> DESCRIPTION OF THE TASK:
Begin at the line below that has "12 Grove Street, West". Stop after the line that has "939Bet Crash - Aviator", repeating each line exactly and leaving out the pictures.

> STORED DATA:
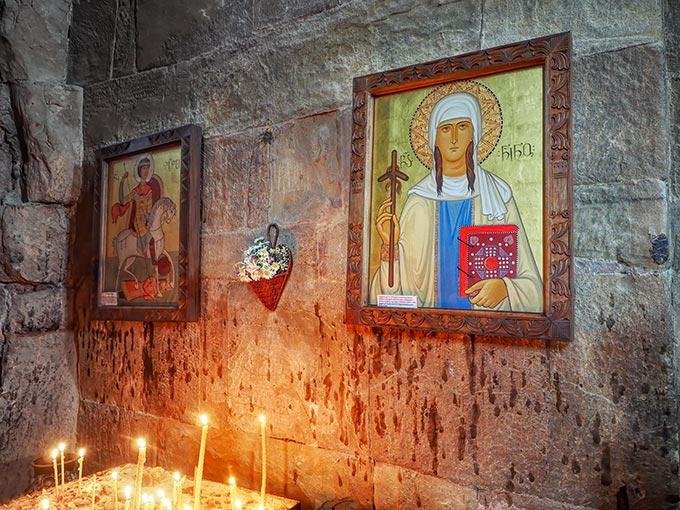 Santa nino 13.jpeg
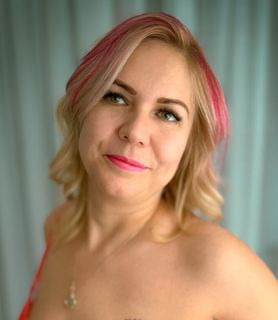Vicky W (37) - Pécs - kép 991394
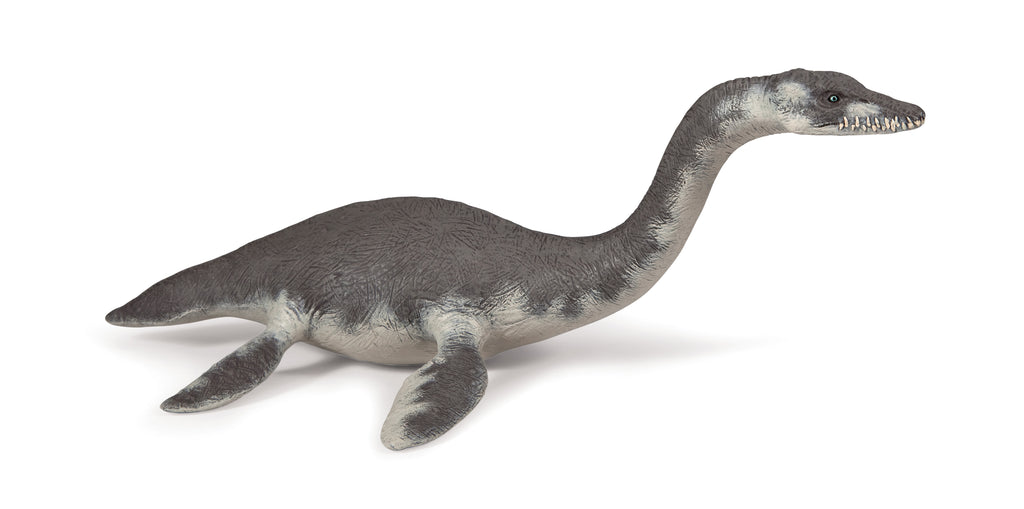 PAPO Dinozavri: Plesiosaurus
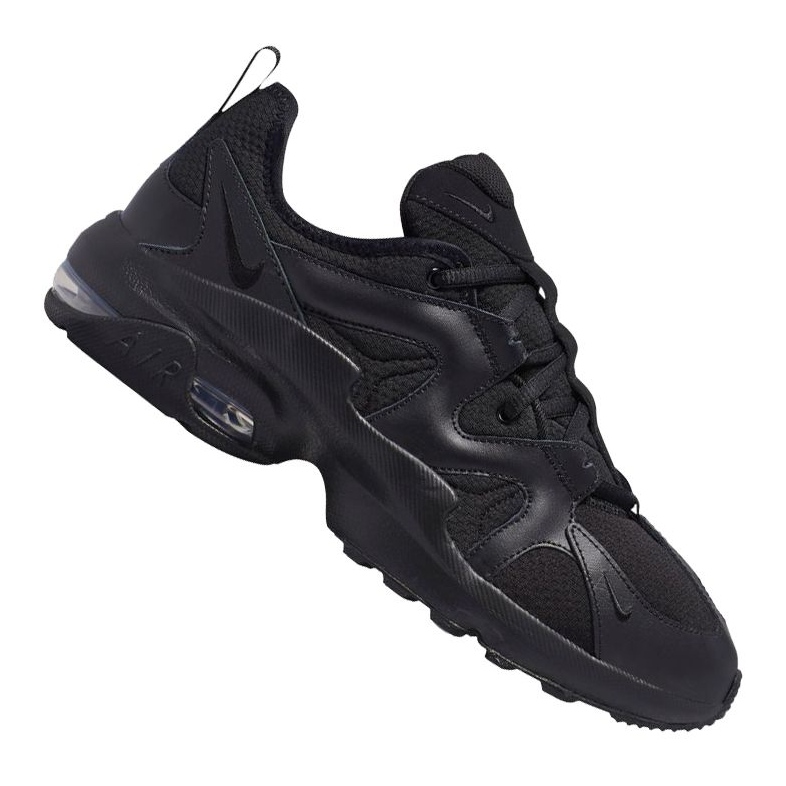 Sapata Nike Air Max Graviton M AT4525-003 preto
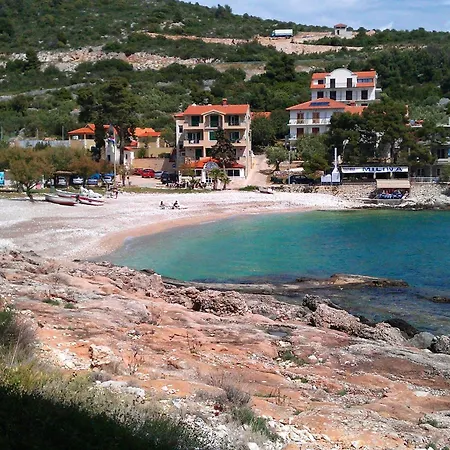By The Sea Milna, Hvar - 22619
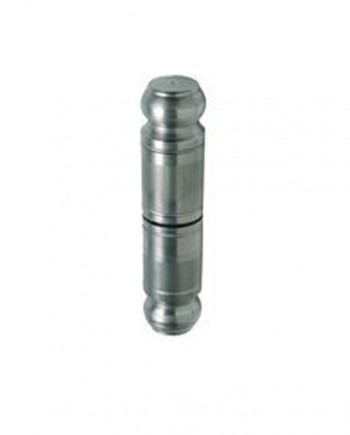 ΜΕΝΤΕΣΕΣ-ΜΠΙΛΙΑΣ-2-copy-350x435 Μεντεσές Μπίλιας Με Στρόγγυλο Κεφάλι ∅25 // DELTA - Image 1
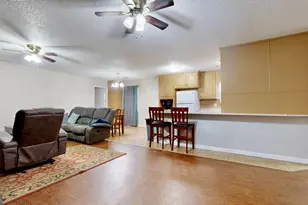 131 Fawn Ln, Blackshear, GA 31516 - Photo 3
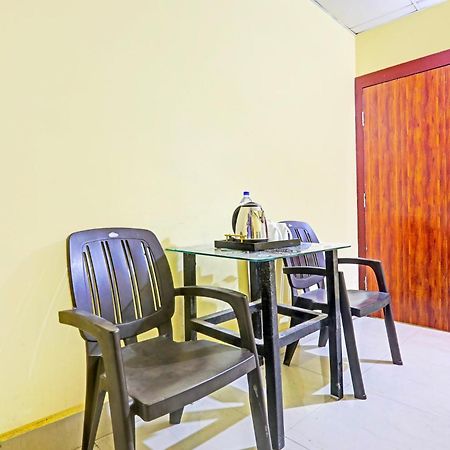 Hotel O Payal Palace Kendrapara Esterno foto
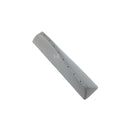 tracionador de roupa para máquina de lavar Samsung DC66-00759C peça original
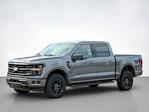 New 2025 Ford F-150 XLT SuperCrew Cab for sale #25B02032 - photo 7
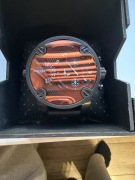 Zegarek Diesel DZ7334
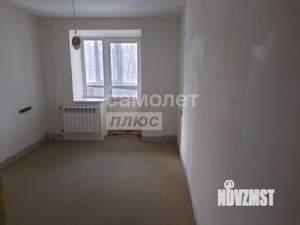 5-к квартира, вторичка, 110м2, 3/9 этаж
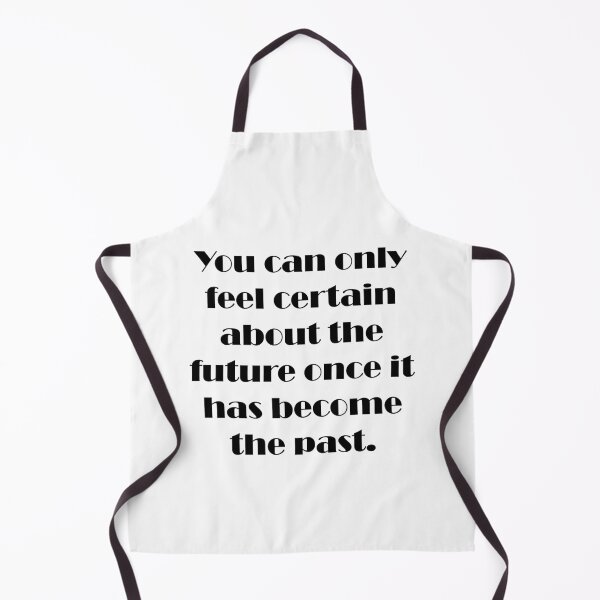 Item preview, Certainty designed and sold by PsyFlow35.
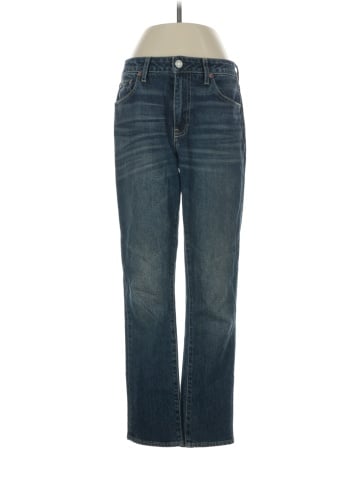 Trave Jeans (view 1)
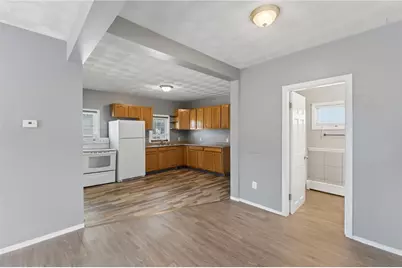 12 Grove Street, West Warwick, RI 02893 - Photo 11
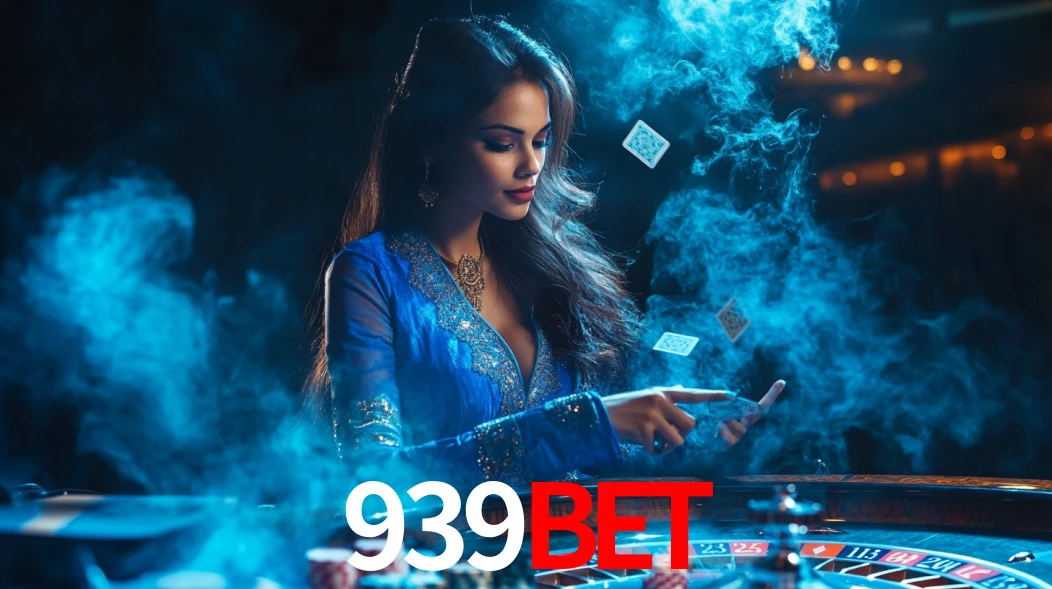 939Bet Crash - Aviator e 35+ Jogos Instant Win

* * *

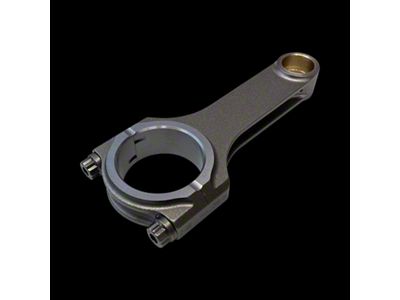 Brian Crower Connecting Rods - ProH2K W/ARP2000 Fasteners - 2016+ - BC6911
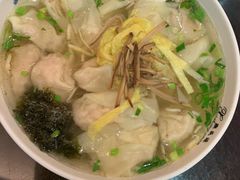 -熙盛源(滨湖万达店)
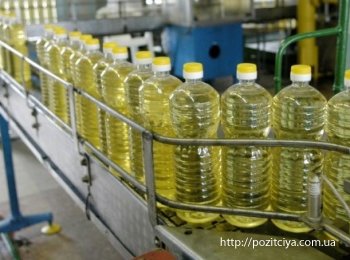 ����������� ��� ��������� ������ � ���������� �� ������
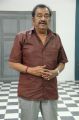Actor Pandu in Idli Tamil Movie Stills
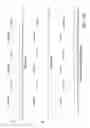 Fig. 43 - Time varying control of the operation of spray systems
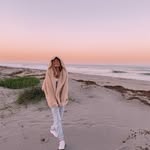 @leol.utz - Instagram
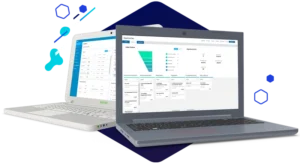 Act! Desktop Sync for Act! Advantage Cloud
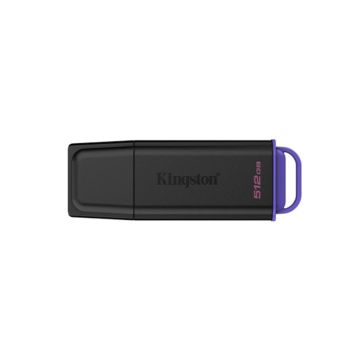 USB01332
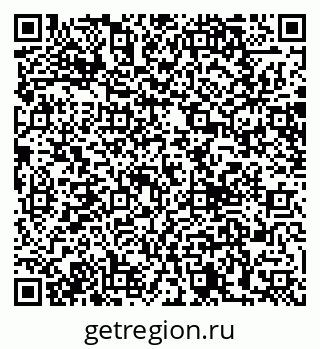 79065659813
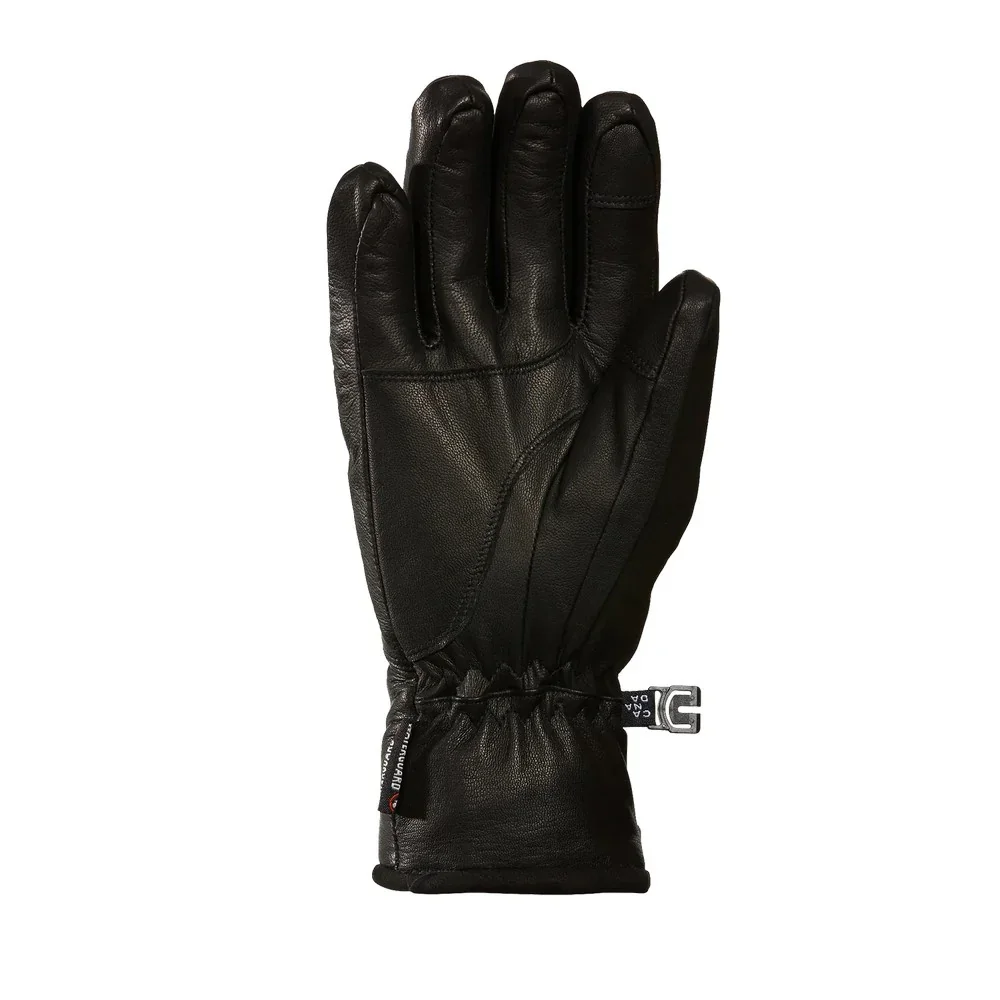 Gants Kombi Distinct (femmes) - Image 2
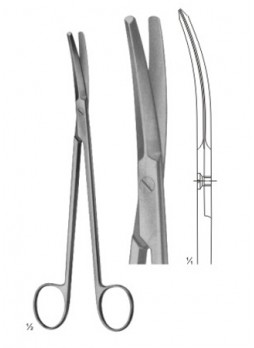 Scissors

> ANSWER SECTION:
 12 Grove Street, West Warwick, RI 02893 - Photo 11
 939Bet Crash - Aviator e 35+ Jogos Instant Win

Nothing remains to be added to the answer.